> _Problem description_
The full listing is to be returned exactly as given, but without pictures.

> _Records shown_
>>>>>
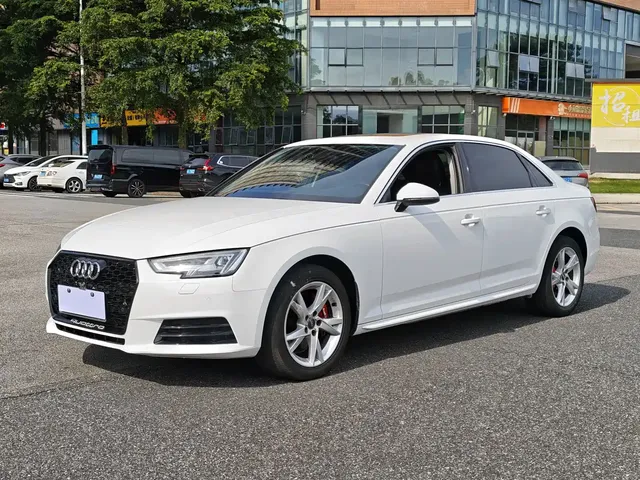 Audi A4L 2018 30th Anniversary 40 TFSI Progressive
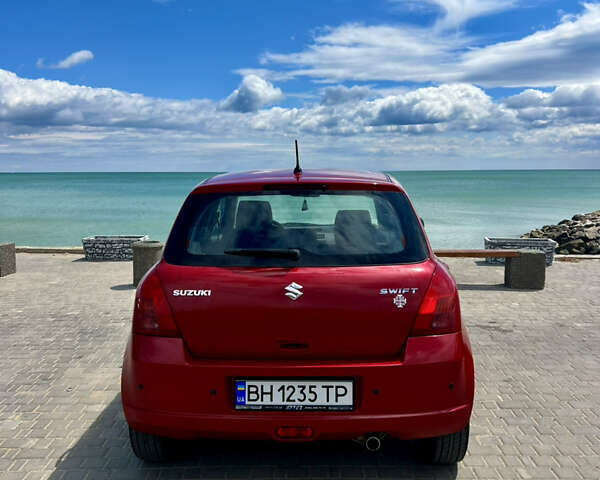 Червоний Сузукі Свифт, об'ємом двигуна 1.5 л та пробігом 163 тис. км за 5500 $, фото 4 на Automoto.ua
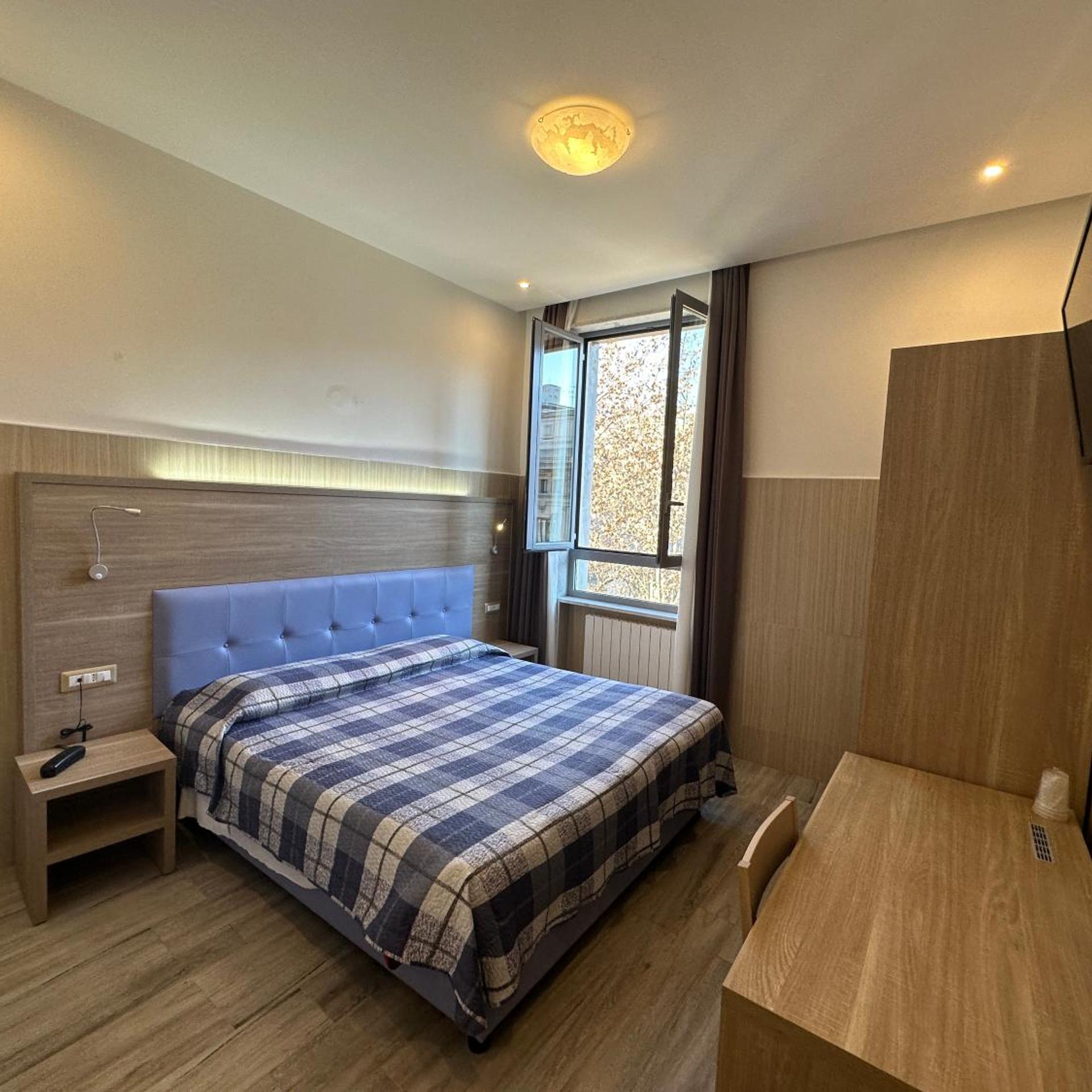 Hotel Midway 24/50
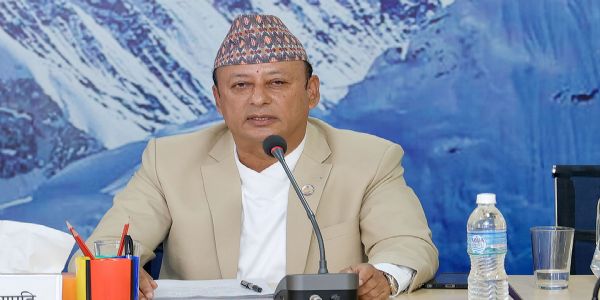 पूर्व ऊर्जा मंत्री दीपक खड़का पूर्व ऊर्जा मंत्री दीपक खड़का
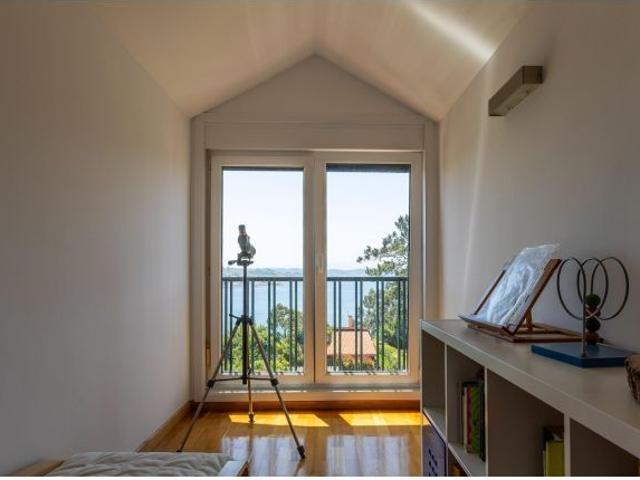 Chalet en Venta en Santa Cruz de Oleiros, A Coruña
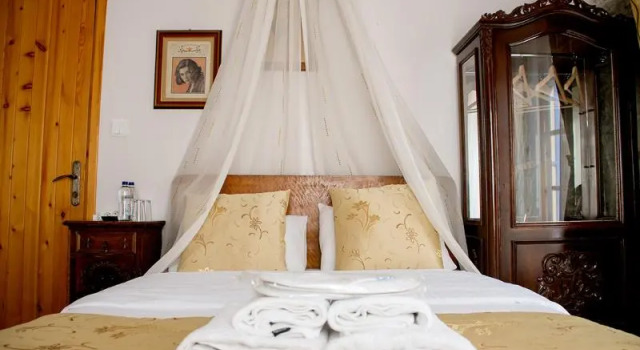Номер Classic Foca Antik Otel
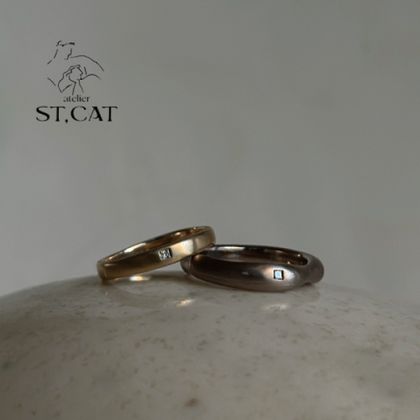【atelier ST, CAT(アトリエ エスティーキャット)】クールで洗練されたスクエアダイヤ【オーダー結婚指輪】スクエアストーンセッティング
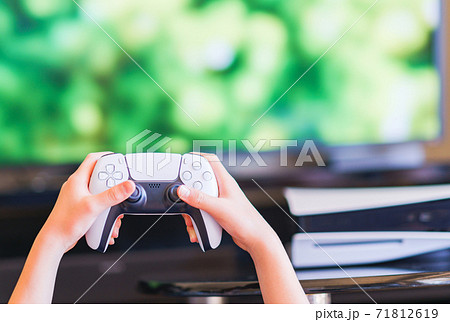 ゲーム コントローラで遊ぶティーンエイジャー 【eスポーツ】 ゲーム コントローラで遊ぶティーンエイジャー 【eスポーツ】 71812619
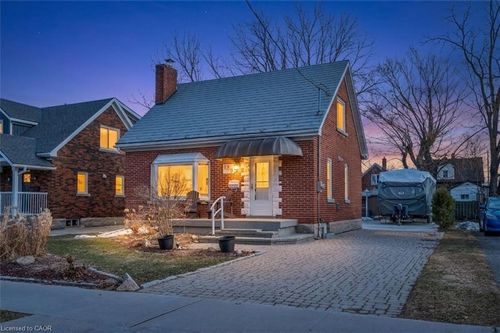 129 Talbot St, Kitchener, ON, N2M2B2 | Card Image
<<<<<
> _Response for this exercise_
 Audi A4L 2018 30th Anniversary 40 TFSI Progressive
 Червоний Сузукі Свифт, об'ємом двигуна 1.5 л та пробігом 163 тис. км за 5500 $, фото 4 на Automoto.ua
 Hotel Midway 24/50
 पूर्व ऊर्जा मंत्री दीपक खड़का पूर्व ऊर्जा मंत्री दीपक खड़का
 Chalet en Venta en Santa Cruz de Oleiros, A Coruña
Номер Classic Foca Antik Otel
【atelier ST, CAT(アトリエ エスティーキャット)】クールで洗練されたスクエアダイヤ【オーダー結婚指輪】スクエアストーンセッティング
 ゲーム コントローラで遊ぶティーンエイジャー 【eスポーツ】 ゲーム コントローラで遊ぶティーンエイジャー 【eスポーツ】 71812619
 129 Talbot St, Kitchener, ON, N2M2B2 | Card Image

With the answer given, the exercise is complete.